→ WHAT YOU ARE ASKED TO DO
Output the records that follow, keeping every line exactly as it is.
Start of Block
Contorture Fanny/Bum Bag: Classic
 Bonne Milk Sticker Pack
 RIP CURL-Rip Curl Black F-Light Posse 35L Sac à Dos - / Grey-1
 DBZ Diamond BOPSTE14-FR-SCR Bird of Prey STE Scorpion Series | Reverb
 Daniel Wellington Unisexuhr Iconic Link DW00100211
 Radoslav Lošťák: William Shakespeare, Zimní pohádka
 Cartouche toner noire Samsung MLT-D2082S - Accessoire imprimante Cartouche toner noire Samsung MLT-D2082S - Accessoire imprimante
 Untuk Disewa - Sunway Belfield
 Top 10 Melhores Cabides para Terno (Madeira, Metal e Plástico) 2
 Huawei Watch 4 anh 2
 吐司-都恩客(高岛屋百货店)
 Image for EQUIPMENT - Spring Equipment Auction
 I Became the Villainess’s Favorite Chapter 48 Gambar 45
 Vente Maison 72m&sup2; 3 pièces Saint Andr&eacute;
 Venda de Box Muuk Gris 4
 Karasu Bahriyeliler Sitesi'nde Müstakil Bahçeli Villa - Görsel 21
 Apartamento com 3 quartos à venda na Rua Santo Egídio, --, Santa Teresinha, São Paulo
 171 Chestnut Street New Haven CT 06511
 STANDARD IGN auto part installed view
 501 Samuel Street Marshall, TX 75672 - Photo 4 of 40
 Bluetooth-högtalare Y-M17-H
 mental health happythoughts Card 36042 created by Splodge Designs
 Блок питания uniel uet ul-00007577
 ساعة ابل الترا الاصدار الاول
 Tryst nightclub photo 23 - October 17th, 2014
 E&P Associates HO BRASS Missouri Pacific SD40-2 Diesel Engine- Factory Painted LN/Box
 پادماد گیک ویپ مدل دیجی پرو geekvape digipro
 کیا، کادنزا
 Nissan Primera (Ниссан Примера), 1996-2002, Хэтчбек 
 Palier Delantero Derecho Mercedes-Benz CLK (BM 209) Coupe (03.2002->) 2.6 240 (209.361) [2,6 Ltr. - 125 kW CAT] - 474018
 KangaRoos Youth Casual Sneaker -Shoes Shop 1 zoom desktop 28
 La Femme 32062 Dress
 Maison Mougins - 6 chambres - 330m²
End of Block
→ OUTPUT
Contorture Fanny/Bum Bag: Classic
 Bonne Milk Sticker Pack
 RIP CURL-Rip Curl Black F-Light Posse 35L Sac à Dos - / Grey-1
 DBZ Diamond BOPSTE14-FR-SCR Bird of Prey STE Scorpion Series | Reverb
 Daniel Wellington Unisexuhr Iconic Link DW00100211
 Radoslav Lošťák: William Shakespeare, Zimní pohádka
 Cartouche toner noire Samsung MLT-D2082S - Accessoire imprimante Cartouche toner noire Samsung MLT-D2082S - Accessoire imprimante
 Untuk Disewa - Sunway Belfield
 Top 10 Melhores Cabides para Terno (Madeira, Metal e Plástico) 2
 Huawei Watch 4 anh 2
 吐司-都恩客(高岛屋百货店)
 Image for EQUIPMENT - Spring Equipment Auction
 I Became the Villainess’s Favorite Chapter 48 Gambar 45
 Vente Maison 72m&sup2; 3 pièces Saint Andr&eacute;
 Venda de Box Muuk Gris 4
 Karasu Bahriyeliler Sitesi'nde Müstakil Bahçeli Villa - Görsel 21
 Apartamento com 3 quartos à venda na Rua Santo Egídio, --, Santa Teresinha, São Paulo
 171 Chestnut Street New Haven CT 06511
 STANDARD IGN auto part installed view
 501 Samuel Street Marshall, TX 75672 - Photo 4 of 40
 Bluetooth-högtalare Y-M17-H
 mental health happythoughts Card 36042 created by Splodge Designs
 Блок питания uniel uet ul-00007577
 ساعة ابل الترا الاصدار الاول
 Tryst nightclub photo 23 - October 17th, 2014
 E&P Associates HO BRASS Missouri Pacific SD40-2 Diesel Engine- Factory Painted LN/Box
 پادماد گیک ویپ مدل دیجی پرو geekvape digipro
 کیا، کادنزا
 Nissan Primera (Ниссан Примера), 1996-2002, Хэтчбек 
 Palier Delantero Derecho Mercedes-Benz CLK (BM 209) Coupe (03.2002->) 2.6 240 (209.361) [2,6 Ltr. - 125 kW CAT] - 474018
 KangaRoos Youth Casual Sneaker -Shoes Shop 1 zoom desktop 28
 La Femme 32062 Dress
 Maison Mougins - 6 chambres - 330m²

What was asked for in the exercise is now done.